When the show opens, the choir stands in front of the stage, with a colorful curtain of fringe behind them. Soon the layers are peeled back, first to reveal another sheer curtain onto which videos are projected, then to reveal the onstage microcosm where Björk and the other musicians (clad in costumes designed by Iris van Herpen and Balmain’s Olivier Rousteing) move about on multilevel structures that resemble mushrooms, sea anemones, or perhaps a yet-to-be discovered species.

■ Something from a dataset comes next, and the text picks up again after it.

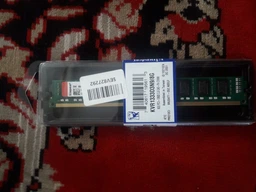 Модуль пам'яті для комп'ютера DDR3 8GB 1333 MHz Kingston (KVR1333D3N9/8G) фото від покупців 3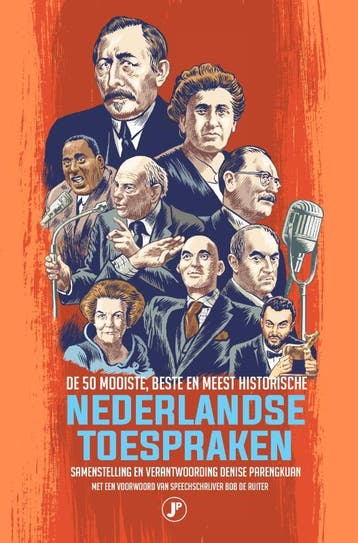 Nederlandse toespraken 9789089754646 Denise Parengkuan, Verzenden, Gelezen, Denise Parengkuan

“Nature was a massive inspiration,” explains set designer Chiara Stephenson, whose previous gigs include theater design for the West End plays Starry Messenger and Glengarry Glen Ross, creating festival stages for Sampha and The xx, designing Lorde’s Aria Awards performance, and more. “The sensual side of nature and the curves and organic forms and femininity in that. It’s like an exploration of perspective. You know, Björk is totally interested in nature and technology and where those two combine, and how they can combine in the future as we move forward.”
Stephenson says her job first and foremost was to create “a canvas” for the vision of the show’s creative director, Argentinian filmmaker Lucrecia Martel. The set also serves as a literal canvas for video art by Tobias Gremmler, which is projected onto the curtains in front of the stage, the wall in back, and even onto the custom-made reverb chamber into which Björk and the flautists disappear from time to time. “We’re using kind of unconventional materials to project on. We’re not just projecting onto a screen, we’re projecting onto layers of a fragile membrane,” explains Stephenson. The result is that Gremmler’s swirling, morphing images appear to envelop the Cornucopia environment.

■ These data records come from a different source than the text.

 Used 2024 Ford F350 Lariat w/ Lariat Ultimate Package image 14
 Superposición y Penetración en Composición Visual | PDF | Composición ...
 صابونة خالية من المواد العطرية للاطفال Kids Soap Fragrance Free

“His video art is very nature-based, but it’s an incredible example of how technology and the digital can enhance the themes of nature that we know and take them to a new level that kind of blows the senses more than a walk in the park does,” says Stephenson. “It’s quite kind of ethereal, I think.”
To build the stage’s main structures, Stephenson enlisted the help of British scenic artist Richard Nutbourne. The entire set was assembled in London, where initial rehearsals took place, and then packed up and moved to the Shed in New York City. “I think the fragility of the materials we used is surprising. Often, rock shows, they’re kind of big and butch and engineered and, like, right angles and steel. This has a very different, more delicate feel to it,” she explains, noting that she called upon her past experience to ensure that this production has “a theatrical sensibility, as opposed to this being a rock concert with video.”
And though Stephenson certainly delivered on her part of creating the world of Björk and company’s dreams, she credits the singer’s larger-than-life presence for making the show what it is. “You could put Björk on a blank stage with a light bulb and it would be a good show,” she jokes. “I think we’re hopefully enhancing everything that she is about and everything the music is about.”